What the exercise asks: Given the listing below, write out exactly the lines starting with the line that has "Oceanview Rooftop Patio" and going on through the line that has "33朵香槟玫瑰百合，心里永远是你", both kept.

Data provided:
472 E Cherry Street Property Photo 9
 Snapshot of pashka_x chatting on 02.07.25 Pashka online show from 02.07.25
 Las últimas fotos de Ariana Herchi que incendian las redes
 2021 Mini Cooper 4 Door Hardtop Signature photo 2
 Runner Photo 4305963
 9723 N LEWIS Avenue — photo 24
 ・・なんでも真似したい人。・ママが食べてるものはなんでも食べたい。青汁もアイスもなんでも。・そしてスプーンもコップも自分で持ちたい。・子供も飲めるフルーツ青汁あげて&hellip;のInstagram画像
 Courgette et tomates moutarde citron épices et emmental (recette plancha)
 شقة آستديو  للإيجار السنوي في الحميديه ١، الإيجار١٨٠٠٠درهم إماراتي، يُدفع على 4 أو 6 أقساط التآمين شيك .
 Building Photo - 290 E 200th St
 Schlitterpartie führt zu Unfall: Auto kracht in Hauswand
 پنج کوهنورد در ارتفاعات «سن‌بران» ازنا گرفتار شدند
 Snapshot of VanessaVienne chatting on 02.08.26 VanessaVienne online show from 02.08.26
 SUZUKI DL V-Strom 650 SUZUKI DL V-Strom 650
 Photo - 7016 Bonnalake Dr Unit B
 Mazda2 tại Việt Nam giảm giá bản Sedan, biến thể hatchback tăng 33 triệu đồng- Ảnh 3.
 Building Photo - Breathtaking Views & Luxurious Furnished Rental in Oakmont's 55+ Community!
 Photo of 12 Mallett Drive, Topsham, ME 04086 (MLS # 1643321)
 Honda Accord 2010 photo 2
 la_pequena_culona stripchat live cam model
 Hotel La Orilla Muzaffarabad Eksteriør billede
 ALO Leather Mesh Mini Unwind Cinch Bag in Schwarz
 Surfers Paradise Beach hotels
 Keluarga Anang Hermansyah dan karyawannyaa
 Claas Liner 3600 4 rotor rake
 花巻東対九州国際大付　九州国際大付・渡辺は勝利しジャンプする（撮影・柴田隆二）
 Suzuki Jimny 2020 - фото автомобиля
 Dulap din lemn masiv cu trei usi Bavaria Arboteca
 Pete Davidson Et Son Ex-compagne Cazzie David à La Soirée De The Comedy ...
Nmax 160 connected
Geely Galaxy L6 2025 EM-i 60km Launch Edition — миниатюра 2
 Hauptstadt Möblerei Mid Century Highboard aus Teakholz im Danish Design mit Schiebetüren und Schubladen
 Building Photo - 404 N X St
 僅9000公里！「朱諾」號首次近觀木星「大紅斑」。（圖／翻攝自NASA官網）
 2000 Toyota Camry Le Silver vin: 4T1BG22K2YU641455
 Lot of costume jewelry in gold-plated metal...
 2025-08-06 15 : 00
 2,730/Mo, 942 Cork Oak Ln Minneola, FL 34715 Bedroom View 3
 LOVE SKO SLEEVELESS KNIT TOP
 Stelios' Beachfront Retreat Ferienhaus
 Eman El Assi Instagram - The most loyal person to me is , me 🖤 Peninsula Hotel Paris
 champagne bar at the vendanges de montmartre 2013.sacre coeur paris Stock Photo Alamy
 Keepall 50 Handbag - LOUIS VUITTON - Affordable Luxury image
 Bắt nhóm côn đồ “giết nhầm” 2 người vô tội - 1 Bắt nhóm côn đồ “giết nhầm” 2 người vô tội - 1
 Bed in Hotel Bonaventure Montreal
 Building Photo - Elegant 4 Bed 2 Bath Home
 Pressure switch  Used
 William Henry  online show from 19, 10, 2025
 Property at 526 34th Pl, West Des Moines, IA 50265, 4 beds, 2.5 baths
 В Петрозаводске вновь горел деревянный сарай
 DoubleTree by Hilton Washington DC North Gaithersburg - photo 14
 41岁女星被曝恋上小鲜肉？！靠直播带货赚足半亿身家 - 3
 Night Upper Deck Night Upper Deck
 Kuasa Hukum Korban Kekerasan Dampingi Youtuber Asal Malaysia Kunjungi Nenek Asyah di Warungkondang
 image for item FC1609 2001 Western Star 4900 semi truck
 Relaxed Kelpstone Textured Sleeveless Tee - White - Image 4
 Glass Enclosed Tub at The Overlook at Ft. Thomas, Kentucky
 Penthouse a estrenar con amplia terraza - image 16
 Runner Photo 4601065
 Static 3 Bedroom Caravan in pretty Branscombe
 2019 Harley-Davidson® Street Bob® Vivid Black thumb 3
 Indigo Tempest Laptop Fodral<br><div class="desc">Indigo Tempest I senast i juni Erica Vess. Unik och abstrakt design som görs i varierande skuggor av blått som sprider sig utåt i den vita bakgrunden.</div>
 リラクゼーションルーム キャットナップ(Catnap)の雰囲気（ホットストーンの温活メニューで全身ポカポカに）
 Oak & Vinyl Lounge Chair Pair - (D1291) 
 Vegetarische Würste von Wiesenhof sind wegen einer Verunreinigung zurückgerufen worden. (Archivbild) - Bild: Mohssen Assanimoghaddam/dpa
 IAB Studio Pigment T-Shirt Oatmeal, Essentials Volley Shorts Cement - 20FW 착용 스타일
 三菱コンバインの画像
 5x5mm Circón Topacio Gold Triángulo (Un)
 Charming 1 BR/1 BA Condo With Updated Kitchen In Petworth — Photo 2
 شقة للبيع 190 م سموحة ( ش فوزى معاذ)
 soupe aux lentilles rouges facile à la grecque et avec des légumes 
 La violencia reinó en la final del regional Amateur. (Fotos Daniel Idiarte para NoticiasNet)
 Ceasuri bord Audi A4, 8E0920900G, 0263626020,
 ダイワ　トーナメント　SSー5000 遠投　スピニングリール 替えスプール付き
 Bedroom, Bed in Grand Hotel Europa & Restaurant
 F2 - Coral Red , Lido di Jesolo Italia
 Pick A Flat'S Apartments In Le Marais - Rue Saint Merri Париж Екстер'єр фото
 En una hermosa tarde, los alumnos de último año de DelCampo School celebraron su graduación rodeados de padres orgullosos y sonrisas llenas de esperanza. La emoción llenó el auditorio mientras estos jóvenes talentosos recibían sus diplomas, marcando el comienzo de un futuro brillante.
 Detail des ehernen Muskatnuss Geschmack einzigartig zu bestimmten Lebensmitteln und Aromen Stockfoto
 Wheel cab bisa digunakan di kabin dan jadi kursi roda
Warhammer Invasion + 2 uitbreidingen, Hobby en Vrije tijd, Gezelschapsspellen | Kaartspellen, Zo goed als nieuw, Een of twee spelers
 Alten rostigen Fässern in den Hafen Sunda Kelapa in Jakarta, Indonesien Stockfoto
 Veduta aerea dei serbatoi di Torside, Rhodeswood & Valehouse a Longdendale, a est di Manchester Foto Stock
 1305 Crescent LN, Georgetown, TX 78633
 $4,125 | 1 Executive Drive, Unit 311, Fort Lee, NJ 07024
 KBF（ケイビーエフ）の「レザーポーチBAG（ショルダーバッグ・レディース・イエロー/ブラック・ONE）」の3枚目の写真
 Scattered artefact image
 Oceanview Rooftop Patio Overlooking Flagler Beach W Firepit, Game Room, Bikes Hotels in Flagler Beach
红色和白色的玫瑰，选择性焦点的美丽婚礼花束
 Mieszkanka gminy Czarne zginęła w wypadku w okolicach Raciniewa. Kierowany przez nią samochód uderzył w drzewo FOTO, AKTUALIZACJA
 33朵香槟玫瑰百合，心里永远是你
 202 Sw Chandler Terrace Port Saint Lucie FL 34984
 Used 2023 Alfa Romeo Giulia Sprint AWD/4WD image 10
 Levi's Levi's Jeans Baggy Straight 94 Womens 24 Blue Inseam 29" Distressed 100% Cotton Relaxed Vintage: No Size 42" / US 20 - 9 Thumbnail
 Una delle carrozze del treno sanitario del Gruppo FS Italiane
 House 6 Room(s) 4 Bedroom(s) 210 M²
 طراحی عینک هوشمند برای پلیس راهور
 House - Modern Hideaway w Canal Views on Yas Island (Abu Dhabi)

Finished exercise:
 Oceanview Rooftop Patio Overlooking Flagler Beach W Firepit, Game Room, Bikes Hotels in Flagler Beach
红色和白色的玫瑰，选择性焦点的美丽婚礼花束
 Mieszkanka gminy Czarne zginęła w wypadku w okolicach Raciniewa. Kierowany przez nią samochód uderzył w drzewo FOTO, AKTUALIZACJA
 33朵香槟玫瑰百合，心里永远是你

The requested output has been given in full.